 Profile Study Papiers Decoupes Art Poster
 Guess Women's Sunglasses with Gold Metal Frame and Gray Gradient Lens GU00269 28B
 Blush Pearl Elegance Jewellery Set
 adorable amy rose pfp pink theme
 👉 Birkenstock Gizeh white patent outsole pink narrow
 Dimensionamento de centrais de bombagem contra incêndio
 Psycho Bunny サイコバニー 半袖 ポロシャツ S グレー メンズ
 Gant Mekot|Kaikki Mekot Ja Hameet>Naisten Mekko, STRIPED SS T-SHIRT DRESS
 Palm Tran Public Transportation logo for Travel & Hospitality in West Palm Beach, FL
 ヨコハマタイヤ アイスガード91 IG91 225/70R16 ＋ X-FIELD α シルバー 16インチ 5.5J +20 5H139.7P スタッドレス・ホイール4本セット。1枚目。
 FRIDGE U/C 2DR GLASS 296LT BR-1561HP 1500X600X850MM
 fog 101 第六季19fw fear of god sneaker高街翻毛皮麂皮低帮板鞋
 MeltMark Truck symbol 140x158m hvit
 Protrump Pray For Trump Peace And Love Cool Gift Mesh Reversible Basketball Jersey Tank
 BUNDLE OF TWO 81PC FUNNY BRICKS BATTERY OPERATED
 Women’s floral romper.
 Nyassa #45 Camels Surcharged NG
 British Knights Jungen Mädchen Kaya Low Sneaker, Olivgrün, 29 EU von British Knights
---------------
## Work item
Locate the word "Women" in the entries, and copy every line where it is found.

## Exercise solution
 Guess Women's Sunglasses with Gold Metal Frame and Gray Gradient Lens GU00269 28B
 Women’s floral romper.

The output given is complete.